Editing Cambodian News: A Conversation With Alan Parkhouse

The veteran editor on winning awards, breaking news, and managing journalists.

Editing Cambodian News: A Conversation With Alan Parkhouse

Alan Parkhouse near his home by the Ping River in Kamphaeng Phet, Thailand.

Credit: Luke Hunt

Australian journalist Alan Parkhouse holds the rare distinction of having served as editor of both The Phnom Penh Post and its rival, the Khmer Times, at a time when journalistic freedoms in Cambodia were much greater than they are today.

During his long career, Parkhouse witnessed all sides of the Cambodian media business as the erosion of those freedoms gathered pace in the late 2010s, amid a crackdown on political dissent that enabled the Cambodian People’s Party (CPP) to secure absolute control of the country.

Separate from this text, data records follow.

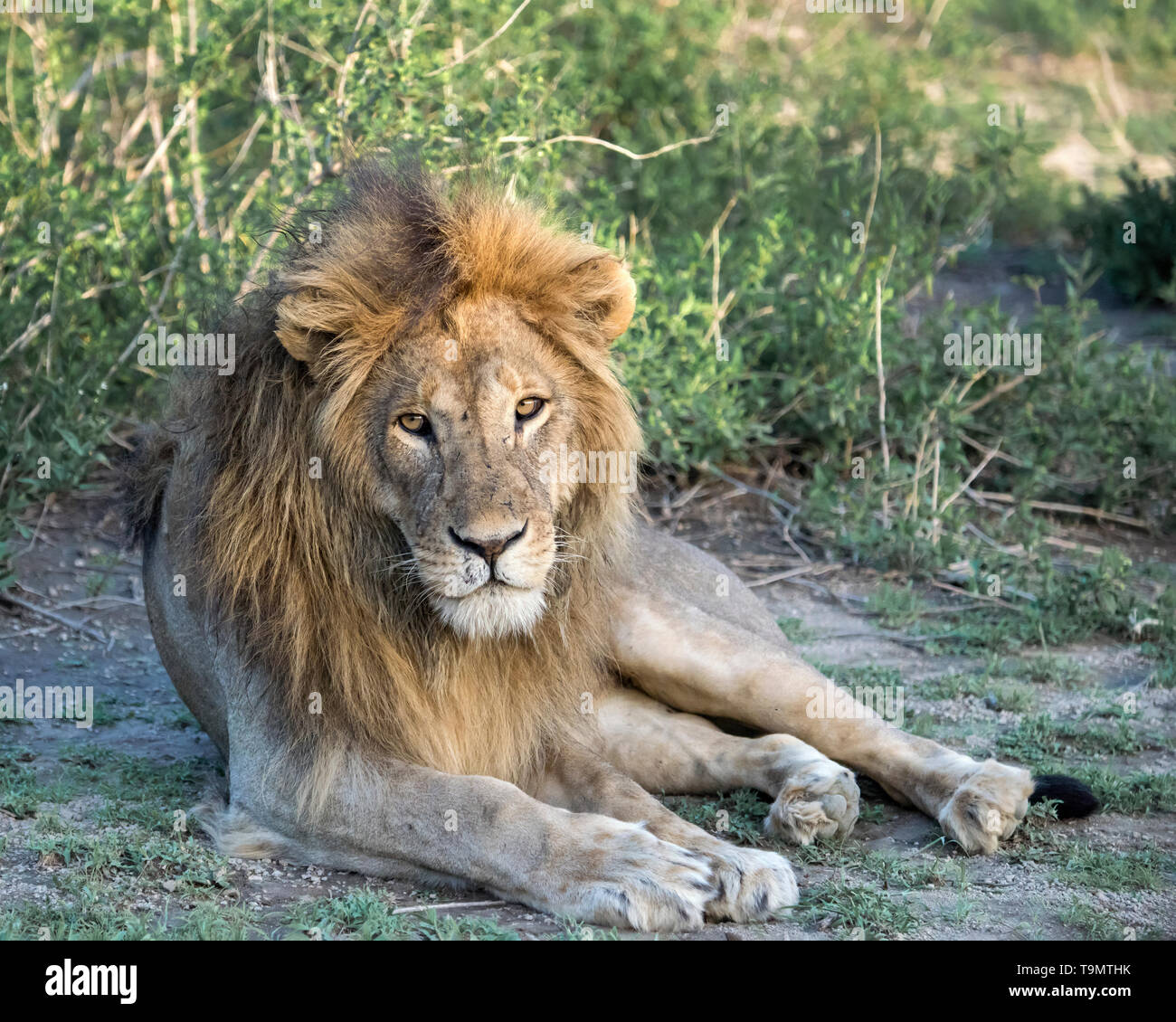Portrait of a dominant male lion in his prime, Lake Ndutu, Tanzania Stock Photo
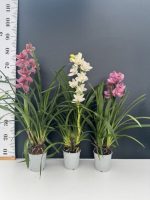 Προσφορά Cymbidium (3 φυτά) - Image 2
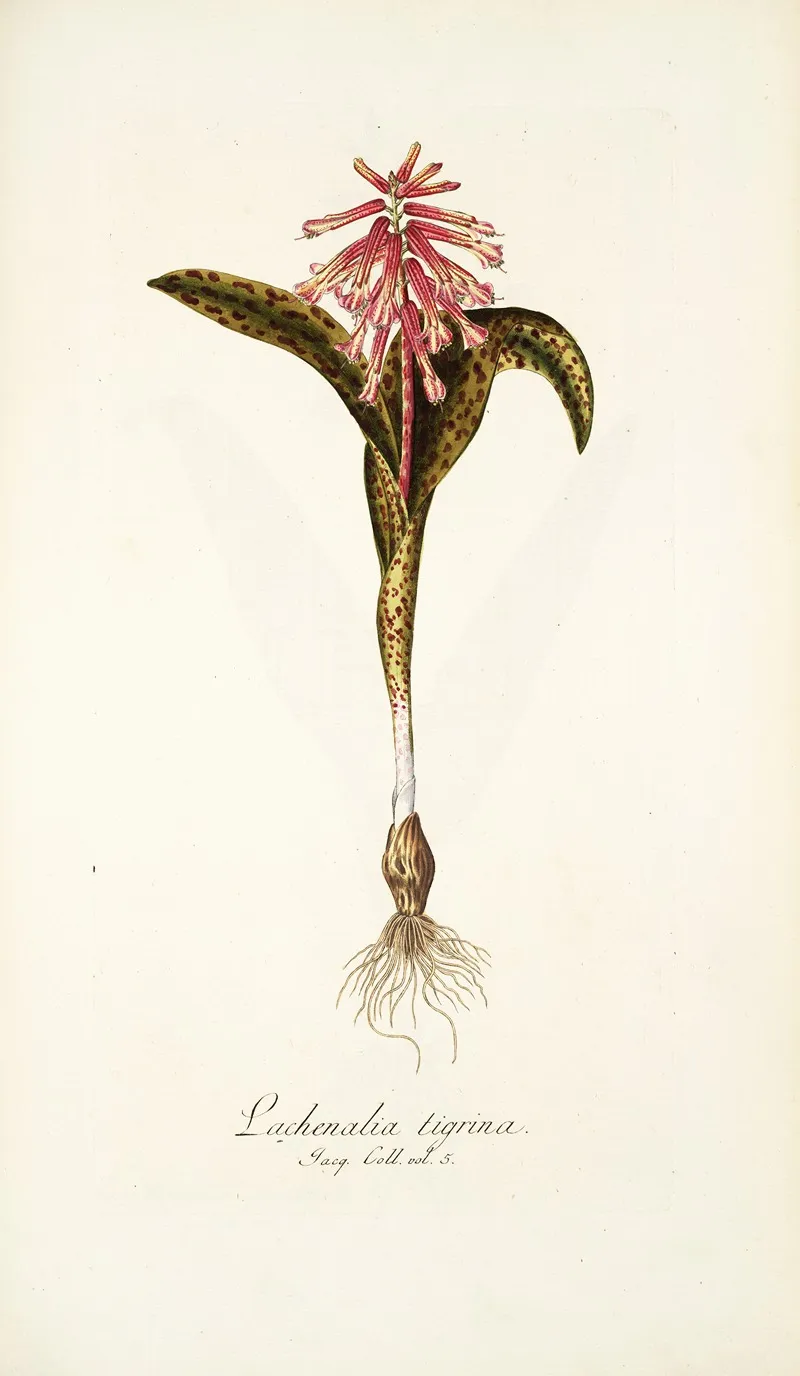 Lachenalia Tigrina
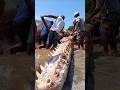This is How They Remove Whales from Beaches #satisfying #cleanup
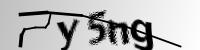 验证码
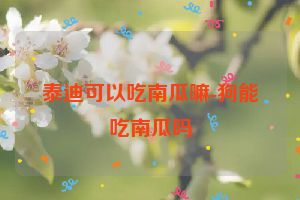 泰迪可以吃南瓜嘛-狗能吃南瓜吗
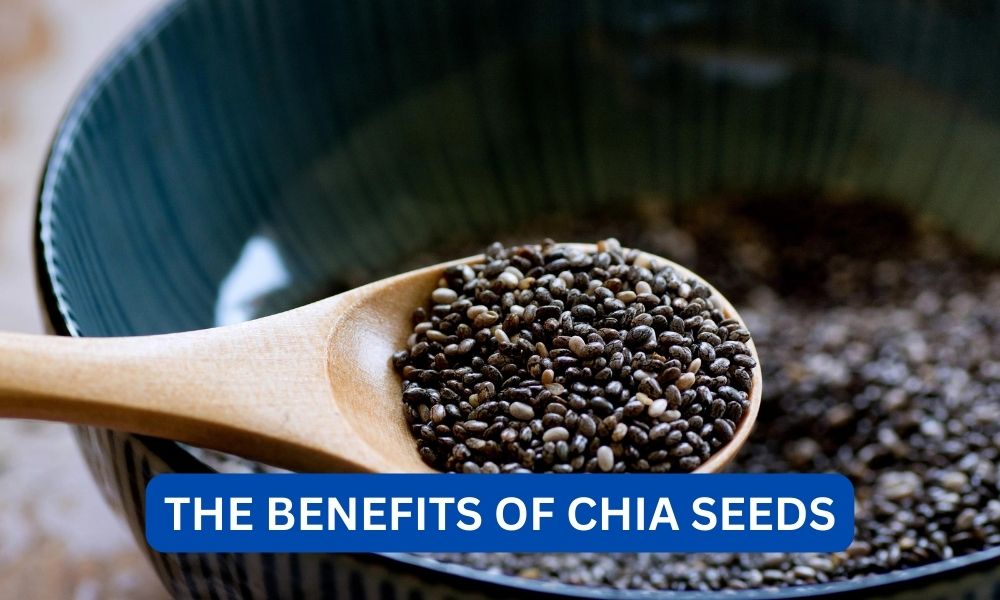 what is the benefit of chia seeds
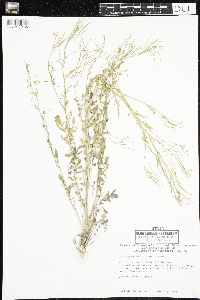 Cardamine pensylvanica image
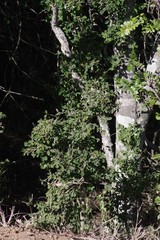 Flueggea verrucosa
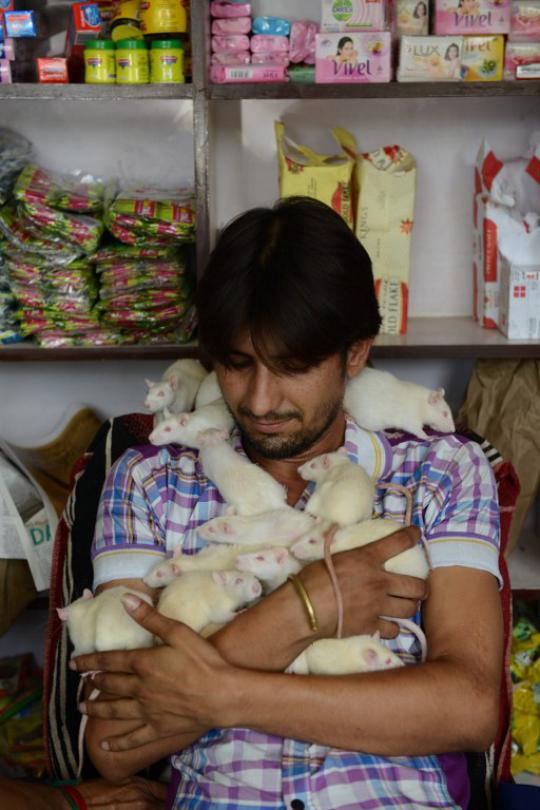 Pria India ini adopsi 50 ekor tikus di rumahnya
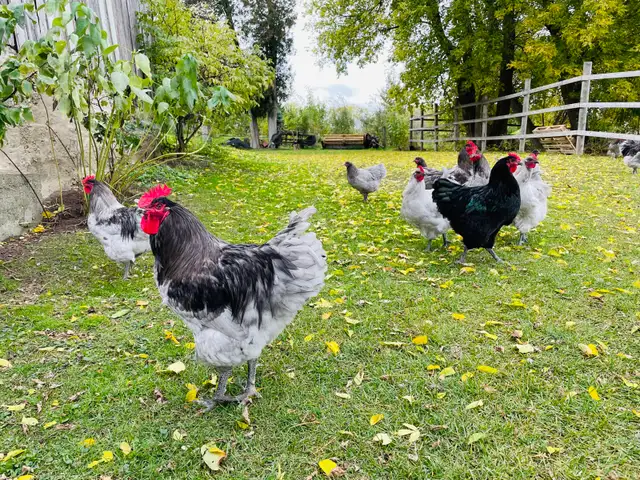 Jersey Giant chicks - Photo 10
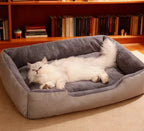 Cat lying on a gray pet bed with a bookshelf in the background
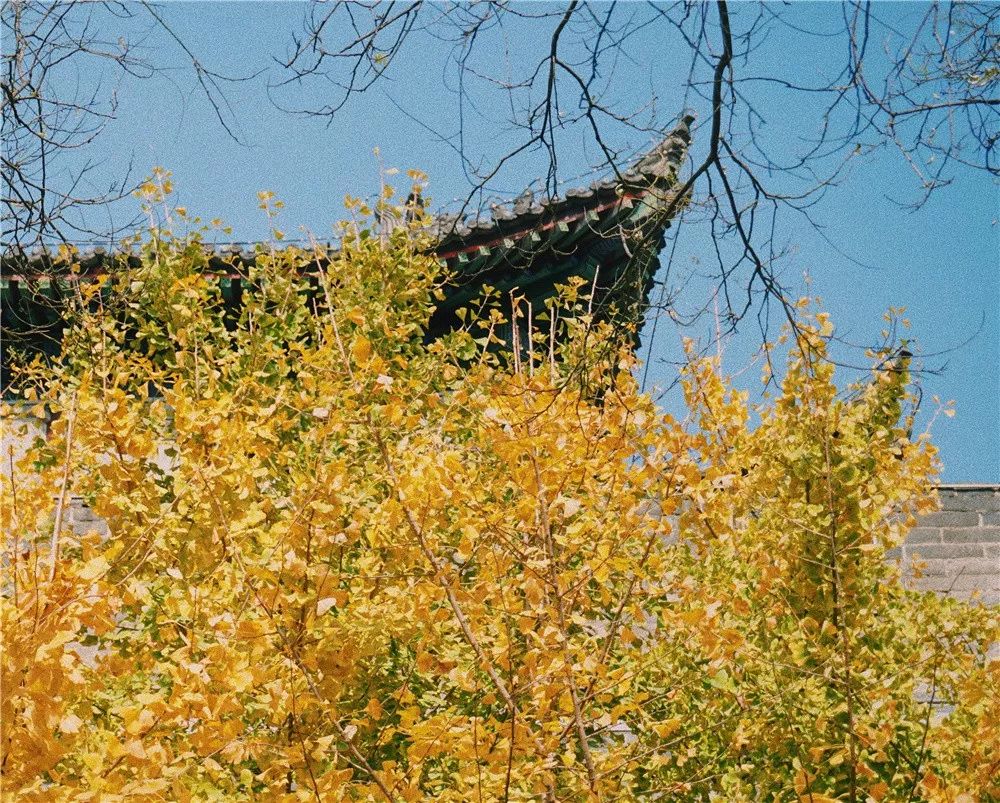 西安八月约会最佳地点,西安周末情侣最适合约会的地方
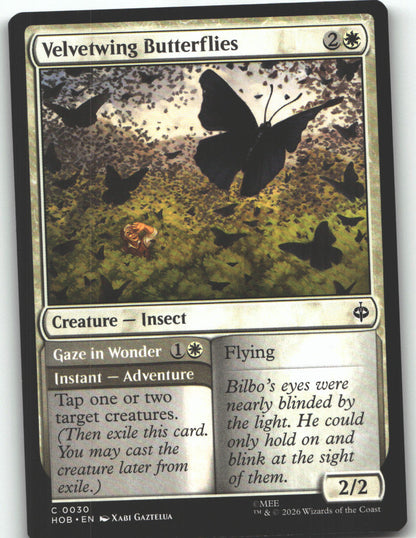 Velvetwing Butterflies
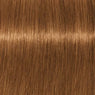 Schwarzkopf Igora Royal Absolutes Tinte 60ml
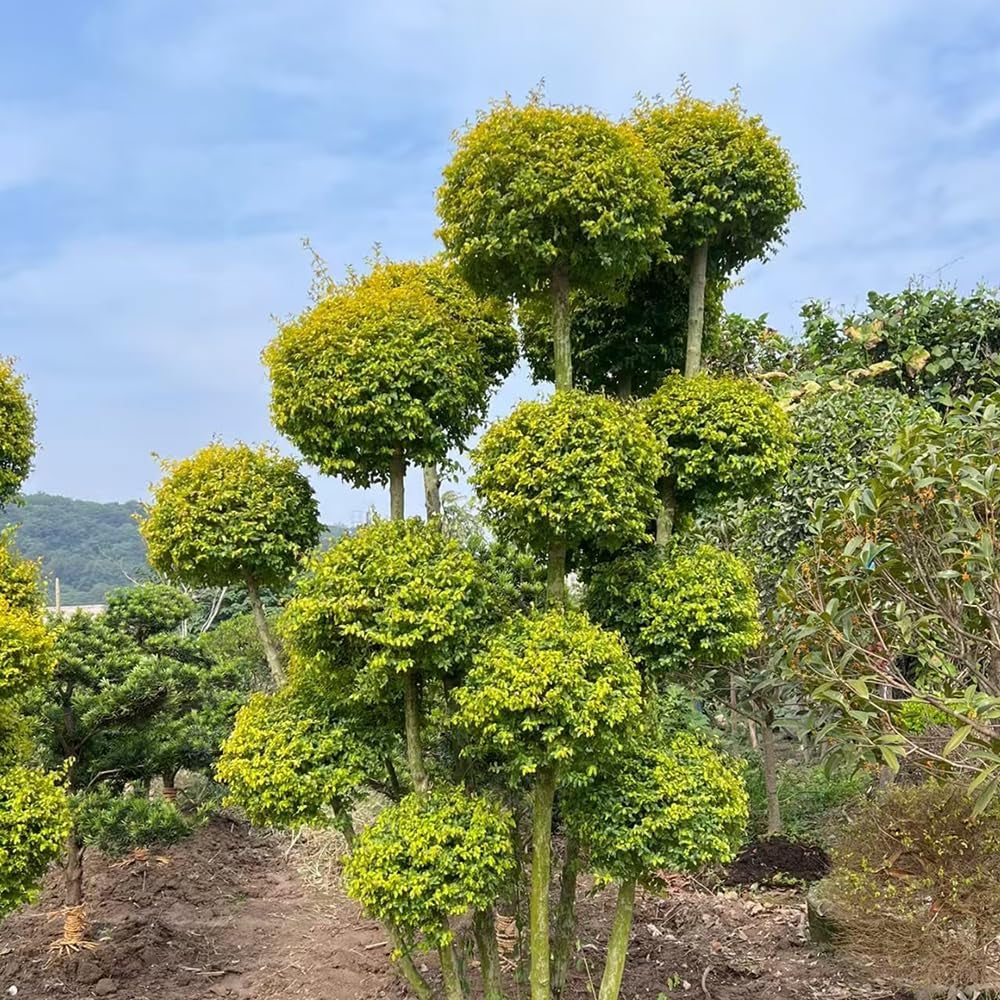 Liguster Heckenpflanzen Luftreinigende Zimmerpflanzen Liguster Büropflanzen Immergrüne Seltene Gartendeko Für Draußen Winterharte Garten Deko Pflanzensamen Bodendecker 200Samen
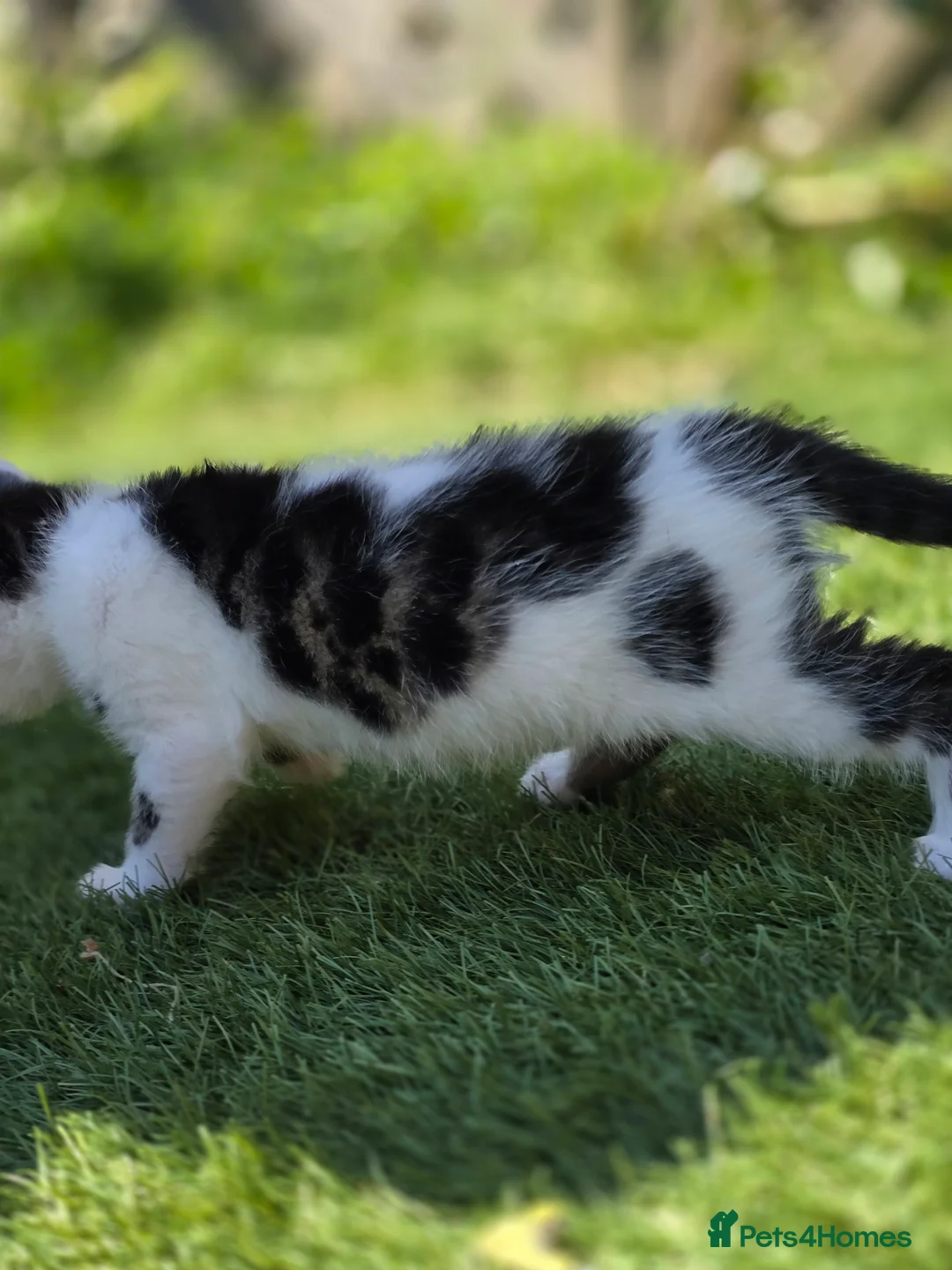 Bengal cats for sale: Bengal cross tabby Ready now in Croydon - Advert 17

Earlier this month, The Phnom Penh Post announced that it would stop publishing its print edition by the end of March due to financial strains, ending an era that began almost 32 years ago when American Michael Hayes and his then wife Kathleen O’Keefe launched the paper with their life savings.

They sold the newspaper to Australian mining magnate Bill Clough in 2008, who was forced to sell nine years later to government-friendly interests after being hit with an exorbitant tax bill.

Parkhouse began his career as an apprentice hot metal printer – known as a hand and machine compositor – at the Daily Examiner in Grafton, in northern New South Wales, before heading to Sydney where he worked on daily newspapers as a journalist before moving to The Nation in Bangkok in 1990.

He was the editor of The Phnom Penh Post from 2010 to 2014, then published by Clough, and the Khmer Times from 2016 to 2018, then as now published by Mohan Tirugmanasam Bandam, and he says the difference between the two operations was great.

Parkhouse has recently retired and now lives in Kamphaeng Phet in northwest Thailand, where he spoke with The Diplomat’s Luke Hunt about his time at The Phnom Penh Post and the Khmer Times, the journalists, the stories they covered, and the awards that they won.

In 2013, The Phnom Penh Post won the gold prize awarded by the World Association of Newspapers for a 68-page supplement celebrating 20 years of the newspaper, beating off stiff competition from the China Daily, which was led by Karl Wilson, and the Financial Times.